Review Summary: A desperate karaoke LP which may sign, seal & deliver the end of a career.
Even those at the front of the queue to mock Craig David are likely to feel a little sorry for the soulful English pop singer. After taking the world by storm with his commercially successful and critically acclaimed debut LP ‘Born To Do It’ in 2000, the man with the perfectly pruned facial hair has chosen – or been made – to make one wrong decision after another. From the American wooing ‘Slicker Than Your Average’ to the outright dreary ‘The Story Goes…’, it had all gone pear-shaped for David by the time the perfectly competent contemporary R&B of 2007’s ‘Trust Me’ had arrived. He had become a singer that was cool to make fun of, and nothing he could record would change that. “What to do next?” must have been the question he and his management were asking themselves… And the answer they came up with was to change his target demographic and release a covers album of soul and Motown era classics.
Technically speaking, not all of ‘Signed Sealed Delivered’ is a covers album. Opener and lead single ‘One More Lie (Standing in the Shadows)’ is an updating of The Four Tops original which heavily samples its chorus, while ‘All Alone Tonight (Stop, Look, Listen)’ does the same to the well-known Diana Ross & Marvin Gaye duet. Both re-workings are moderately catchy at best, but fairly forgettable due to stock-standard backing music and unimaginative arrangements. The only wholly original song to be included is closer ‘This Could Be Love’; a likeable enough ditty, but one which is both dated and predictable… Two words which could be used to describe the album as a whole.
The main problem is that David is taking on genuine classics, with next to no chance of even getting close to bettering the originals. Arguably the most successful cover here is the most recent; Curtis Stiger’s sappy 1991 ballad ‘I Wonder Why’, a track which allows his silky smooth voice a chance to shine. Alternately, the most well-known cuts - ‘I Heard It through the Grapevine’, ‘(Sittin’ On) The Dock of the Bay’ & ‘Let’s Stay Together’ – fare the worst, since David is unable to pull off the necessary emotion of Marvin Gaye, Otis Redding & Al Green, which made them classics in the first place. He fares little better with other tracks made famous by The Temptations and Stevie Wonder, which are upbeat but extremely karaoke-like. Furthermore, David is far too respectful, failing to make the songs his own, and thus failing to make this album sufficiently relevant to anyone other than the Mother’s Day crowd.

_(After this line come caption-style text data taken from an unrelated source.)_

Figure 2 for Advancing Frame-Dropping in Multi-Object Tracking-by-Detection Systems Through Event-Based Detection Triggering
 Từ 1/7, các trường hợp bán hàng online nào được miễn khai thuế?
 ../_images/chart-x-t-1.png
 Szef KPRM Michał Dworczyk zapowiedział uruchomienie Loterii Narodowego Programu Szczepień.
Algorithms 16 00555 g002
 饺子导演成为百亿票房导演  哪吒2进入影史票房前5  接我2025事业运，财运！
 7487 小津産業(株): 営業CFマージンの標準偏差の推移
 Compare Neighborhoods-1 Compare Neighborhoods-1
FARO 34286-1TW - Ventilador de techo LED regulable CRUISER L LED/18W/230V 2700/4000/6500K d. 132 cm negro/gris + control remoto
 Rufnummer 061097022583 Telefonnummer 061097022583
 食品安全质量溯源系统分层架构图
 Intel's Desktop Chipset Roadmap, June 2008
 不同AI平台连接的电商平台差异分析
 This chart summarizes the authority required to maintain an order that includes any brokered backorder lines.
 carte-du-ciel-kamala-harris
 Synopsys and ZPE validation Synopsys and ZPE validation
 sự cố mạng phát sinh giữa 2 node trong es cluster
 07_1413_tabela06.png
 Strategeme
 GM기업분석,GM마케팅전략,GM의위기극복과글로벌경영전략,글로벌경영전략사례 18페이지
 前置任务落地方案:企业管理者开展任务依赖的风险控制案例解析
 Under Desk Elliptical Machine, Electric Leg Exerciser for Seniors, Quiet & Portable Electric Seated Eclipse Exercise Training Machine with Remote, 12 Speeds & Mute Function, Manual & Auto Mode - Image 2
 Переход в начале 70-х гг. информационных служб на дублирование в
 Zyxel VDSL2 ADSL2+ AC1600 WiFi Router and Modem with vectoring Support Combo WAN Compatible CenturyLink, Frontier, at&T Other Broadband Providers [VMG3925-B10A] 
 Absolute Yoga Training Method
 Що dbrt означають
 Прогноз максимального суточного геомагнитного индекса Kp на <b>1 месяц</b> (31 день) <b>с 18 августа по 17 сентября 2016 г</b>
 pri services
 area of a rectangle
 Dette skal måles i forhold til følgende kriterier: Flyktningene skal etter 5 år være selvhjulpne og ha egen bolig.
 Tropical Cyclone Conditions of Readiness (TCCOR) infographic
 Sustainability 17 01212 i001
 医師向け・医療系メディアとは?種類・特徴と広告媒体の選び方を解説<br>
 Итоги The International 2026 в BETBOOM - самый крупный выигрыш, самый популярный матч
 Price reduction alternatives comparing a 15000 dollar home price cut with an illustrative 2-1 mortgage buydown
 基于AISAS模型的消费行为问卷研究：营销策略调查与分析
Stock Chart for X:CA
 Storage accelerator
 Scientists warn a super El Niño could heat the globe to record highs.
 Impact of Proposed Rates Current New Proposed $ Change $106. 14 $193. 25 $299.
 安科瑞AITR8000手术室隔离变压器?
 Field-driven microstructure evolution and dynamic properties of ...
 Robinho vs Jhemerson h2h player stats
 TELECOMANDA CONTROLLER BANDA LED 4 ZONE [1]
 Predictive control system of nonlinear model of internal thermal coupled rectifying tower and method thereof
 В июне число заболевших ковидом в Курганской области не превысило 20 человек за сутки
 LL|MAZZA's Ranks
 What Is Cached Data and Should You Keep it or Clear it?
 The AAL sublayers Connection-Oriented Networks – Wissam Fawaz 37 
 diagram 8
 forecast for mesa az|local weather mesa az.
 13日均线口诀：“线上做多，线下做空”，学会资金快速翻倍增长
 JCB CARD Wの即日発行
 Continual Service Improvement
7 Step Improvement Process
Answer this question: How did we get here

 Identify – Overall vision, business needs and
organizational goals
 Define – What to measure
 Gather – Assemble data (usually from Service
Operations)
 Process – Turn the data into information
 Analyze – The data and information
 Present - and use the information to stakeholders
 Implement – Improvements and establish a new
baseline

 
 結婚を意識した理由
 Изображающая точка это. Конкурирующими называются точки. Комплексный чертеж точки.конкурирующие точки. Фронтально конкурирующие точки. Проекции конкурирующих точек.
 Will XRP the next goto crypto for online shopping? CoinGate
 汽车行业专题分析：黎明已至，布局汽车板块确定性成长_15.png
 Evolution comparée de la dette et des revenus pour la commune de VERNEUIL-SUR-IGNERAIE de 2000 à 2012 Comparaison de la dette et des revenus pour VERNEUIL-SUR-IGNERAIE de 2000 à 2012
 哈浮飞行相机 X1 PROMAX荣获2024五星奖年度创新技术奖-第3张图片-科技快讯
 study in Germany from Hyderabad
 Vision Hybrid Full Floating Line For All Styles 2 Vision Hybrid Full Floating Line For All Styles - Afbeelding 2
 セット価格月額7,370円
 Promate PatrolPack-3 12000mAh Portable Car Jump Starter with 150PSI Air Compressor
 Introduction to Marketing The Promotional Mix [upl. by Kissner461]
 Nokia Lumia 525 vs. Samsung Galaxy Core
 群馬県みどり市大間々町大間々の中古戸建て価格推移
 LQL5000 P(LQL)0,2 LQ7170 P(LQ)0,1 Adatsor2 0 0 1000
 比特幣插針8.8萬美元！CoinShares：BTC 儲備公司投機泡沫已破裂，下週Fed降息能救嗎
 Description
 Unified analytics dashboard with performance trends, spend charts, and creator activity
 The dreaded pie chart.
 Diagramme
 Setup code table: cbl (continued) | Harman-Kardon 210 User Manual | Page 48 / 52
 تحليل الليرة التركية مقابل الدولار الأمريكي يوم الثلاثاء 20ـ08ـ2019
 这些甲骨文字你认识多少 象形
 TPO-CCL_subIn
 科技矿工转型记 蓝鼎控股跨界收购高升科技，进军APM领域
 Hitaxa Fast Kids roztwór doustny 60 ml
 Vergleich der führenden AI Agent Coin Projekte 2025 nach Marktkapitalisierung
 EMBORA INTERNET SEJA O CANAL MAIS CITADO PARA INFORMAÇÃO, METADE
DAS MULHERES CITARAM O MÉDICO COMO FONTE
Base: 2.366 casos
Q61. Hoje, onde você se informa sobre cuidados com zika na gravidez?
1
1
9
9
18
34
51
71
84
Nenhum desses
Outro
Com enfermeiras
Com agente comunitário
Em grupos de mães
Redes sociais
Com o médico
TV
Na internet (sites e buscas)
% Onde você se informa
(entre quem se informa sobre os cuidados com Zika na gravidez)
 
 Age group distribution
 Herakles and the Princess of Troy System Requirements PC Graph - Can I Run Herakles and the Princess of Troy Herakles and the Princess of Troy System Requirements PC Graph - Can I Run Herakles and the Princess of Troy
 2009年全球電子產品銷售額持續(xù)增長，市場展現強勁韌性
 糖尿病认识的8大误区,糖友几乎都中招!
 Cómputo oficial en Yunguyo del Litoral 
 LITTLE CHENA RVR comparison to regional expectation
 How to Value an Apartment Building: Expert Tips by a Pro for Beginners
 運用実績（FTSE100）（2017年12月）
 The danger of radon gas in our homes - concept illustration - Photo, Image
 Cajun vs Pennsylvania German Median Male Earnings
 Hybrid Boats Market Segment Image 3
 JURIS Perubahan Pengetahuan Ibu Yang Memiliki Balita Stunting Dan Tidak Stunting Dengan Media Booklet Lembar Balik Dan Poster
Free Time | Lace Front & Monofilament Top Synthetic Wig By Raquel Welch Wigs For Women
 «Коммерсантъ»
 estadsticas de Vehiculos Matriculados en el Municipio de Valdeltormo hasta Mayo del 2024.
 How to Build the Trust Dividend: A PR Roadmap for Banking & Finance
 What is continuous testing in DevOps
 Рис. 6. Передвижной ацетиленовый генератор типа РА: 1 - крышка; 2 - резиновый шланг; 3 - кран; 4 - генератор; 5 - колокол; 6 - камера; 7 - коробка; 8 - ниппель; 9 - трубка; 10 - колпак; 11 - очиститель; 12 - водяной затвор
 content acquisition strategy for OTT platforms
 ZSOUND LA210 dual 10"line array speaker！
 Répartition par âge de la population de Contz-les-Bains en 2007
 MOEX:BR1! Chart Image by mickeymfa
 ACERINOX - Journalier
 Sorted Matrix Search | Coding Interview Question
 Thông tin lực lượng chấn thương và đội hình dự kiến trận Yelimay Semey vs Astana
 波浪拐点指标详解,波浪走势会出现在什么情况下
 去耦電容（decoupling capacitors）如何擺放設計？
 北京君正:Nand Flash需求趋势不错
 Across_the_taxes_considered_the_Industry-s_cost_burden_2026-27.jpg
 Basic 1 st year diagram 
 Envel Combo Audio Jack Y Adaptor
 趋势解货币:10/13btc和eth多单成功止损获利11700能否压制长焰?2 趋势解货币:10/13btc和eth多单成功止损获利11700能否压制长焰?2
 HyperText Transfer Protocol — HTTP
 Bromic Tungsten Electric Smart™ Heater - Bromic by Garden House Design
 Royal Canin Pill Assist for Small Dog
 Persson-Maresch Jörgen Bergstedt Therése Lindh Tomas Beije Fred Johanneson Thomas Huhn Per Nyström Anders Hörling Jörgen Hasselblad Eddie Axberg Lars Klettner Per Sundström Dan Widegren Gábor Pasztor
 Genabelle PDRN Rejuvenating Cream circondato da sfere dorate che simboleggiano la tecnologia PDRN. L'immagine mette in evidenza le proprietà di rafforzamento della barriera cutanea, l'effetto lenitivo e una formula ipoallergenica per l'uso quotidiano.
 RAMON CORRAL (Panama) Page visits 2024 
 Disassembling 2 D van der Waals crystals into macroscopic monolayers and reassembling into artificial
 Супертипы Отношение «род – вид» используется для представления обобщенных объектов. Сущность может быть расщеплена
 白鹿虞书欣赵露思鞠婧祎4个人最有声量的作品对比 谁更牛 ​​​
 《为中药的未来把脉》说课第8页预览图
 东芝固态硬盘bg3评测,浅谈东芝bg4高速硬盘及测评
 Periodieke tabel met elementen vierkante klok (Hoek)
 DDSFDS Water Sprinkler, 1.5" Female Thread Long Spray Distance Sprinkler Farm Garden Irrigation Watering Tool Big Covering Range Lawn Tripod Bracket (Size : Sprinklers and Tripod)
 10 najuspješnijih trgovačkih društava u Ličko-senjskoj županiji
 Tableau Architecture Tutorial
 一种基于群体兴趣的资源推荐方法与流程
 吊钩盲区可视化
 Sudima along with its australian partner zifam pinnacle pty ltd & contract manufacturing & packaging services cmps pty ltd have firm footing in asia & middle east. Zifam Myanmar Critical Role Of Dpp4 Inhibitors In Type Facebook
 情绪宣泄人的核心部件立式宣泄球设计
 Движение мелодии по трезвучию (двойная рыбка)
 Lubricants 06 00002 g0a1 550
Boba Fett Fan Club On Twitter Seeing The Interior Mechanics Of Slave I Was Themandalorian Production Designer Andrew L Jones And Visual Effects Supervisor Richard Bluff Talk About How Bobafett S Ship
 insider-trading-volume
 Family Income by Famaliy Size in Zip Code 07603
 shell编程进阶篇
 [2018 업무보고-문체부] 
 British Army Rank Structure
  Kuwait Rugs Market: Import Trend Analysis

In truth, familiarity may make this release an initially better listen than David’s predominantly boring third LP ‘The Story Goes…’. However, while competent, ‘Signed Sealed Delivered’ is so misguided, uninspiring and desperate, that it is difficult to rate comparatively higher. Quite possibly the biggest indictment of the LP is how much the descriptions contained within this review echo comments that would usually be delivered by a judge on a reality television series such as Idol or X-Factor. That may be fine for an up-and-coming youngster yet to release their debut, but for an artist who once recorded an album which sold 8 million copies, it just does not cut it. By choosing to make this LP, Craig David may have just signed, sealed and delivered the end of his career.
Recommended Tracks: One More Lie (Standing in the Shadows) & I Wonder Why.